_PROBLEM DESCRIPTION:_ In the records below, repeat exactly the lines between the line holding "Classic Spider-man Artwork" and the line holding "18K Rose Gold", inclusive, and drop the pictures.
[SUPPLIED MATERIAL]
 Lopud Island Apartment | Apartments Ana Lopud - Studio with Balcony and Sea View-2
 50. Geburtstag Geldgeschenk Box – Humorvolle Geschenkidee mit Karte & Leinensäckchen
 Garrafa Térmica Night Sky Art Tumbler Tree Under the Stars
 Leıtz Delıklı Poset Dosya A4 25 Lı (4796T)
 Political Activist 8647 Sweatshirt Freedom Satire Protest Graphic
[/SUPPLIED MATERIAL]
[SUPPLIED MATERIAL]
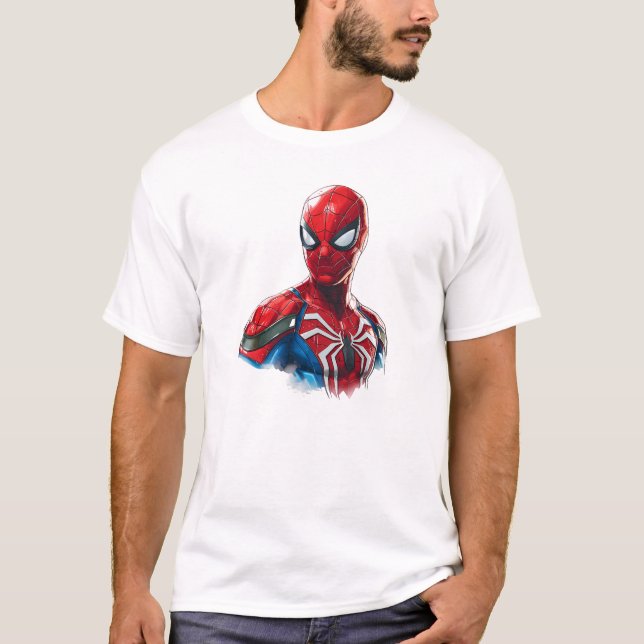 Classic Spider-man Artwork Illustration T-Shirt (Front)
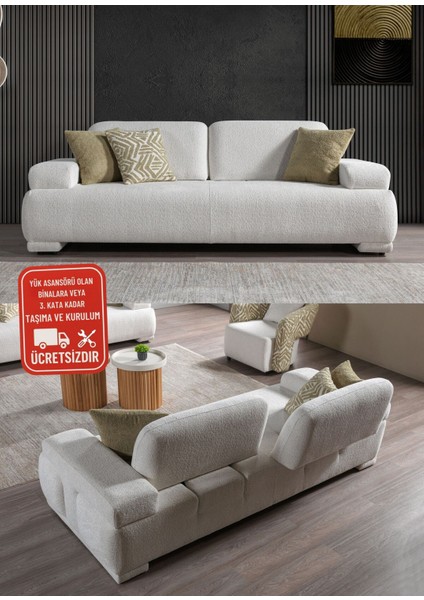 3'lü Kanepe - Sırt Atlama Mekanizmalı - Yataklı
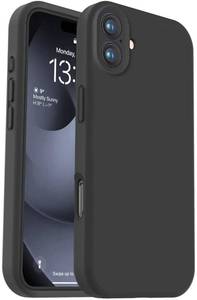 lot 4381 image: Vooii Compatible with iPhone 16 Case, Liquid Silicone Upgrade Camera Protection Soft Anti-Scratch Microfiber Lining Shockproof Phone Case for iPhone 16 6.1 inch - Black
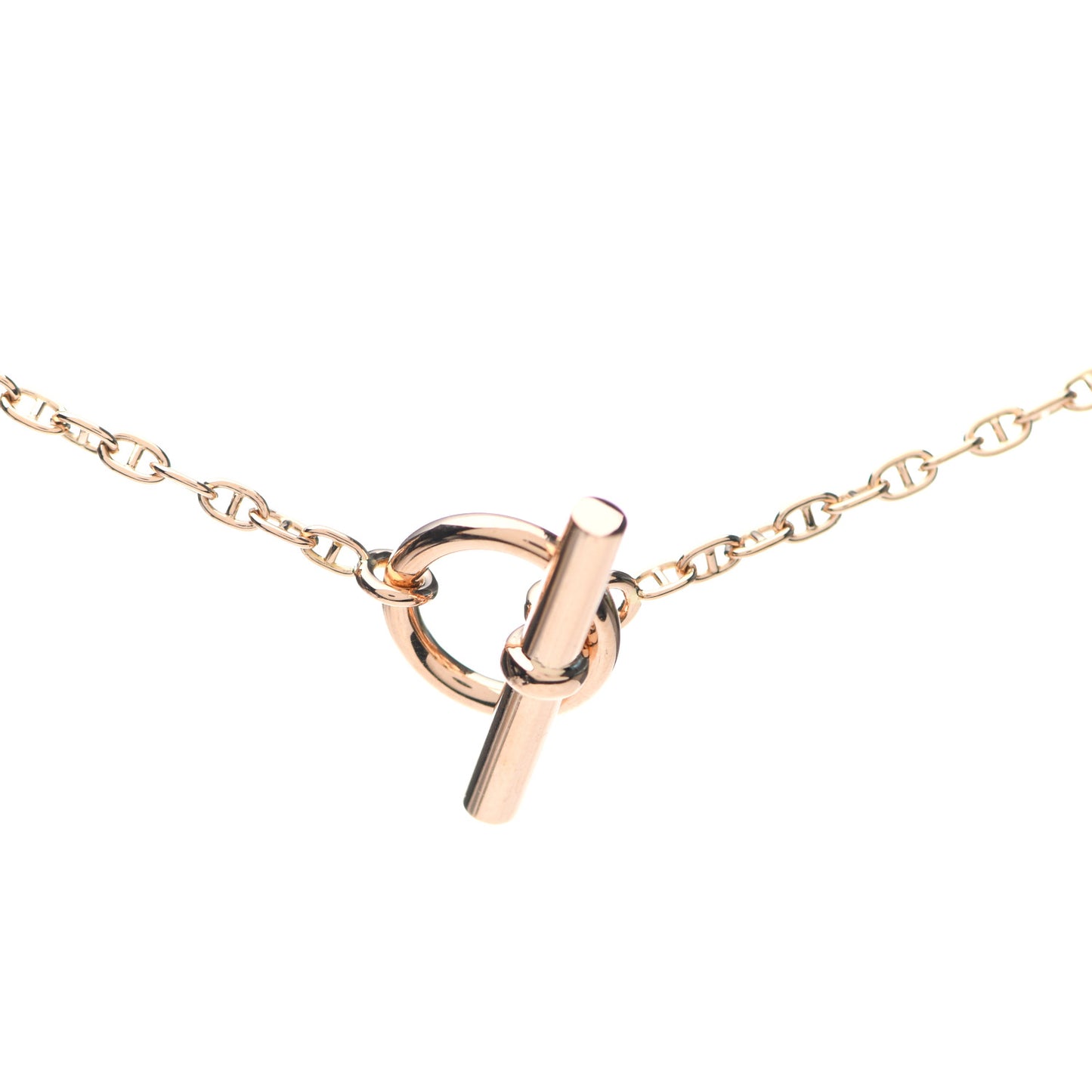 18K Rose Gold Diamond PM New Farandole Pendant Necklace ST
[/SUPPLIED MATERIAL]
_WRITTEN RESPONSE:_
 Classic Spider-man Artwork Illustration T-Shirt (Front)
 3'lü Kanepe - Sırt Atlama Mekanizmalı - Yataklı
 lot 4381 image: Vooii Compatible with iPhone 16 Case, Liquid Silicone Upgrade Camera Protection Soft Anti-Scratch Microfiber Lining Shockproof Phone Case for iPhone 16 6.1 inch - Black
 18K Rose Gold Diamond PM New Farandole Pendant Necklace ST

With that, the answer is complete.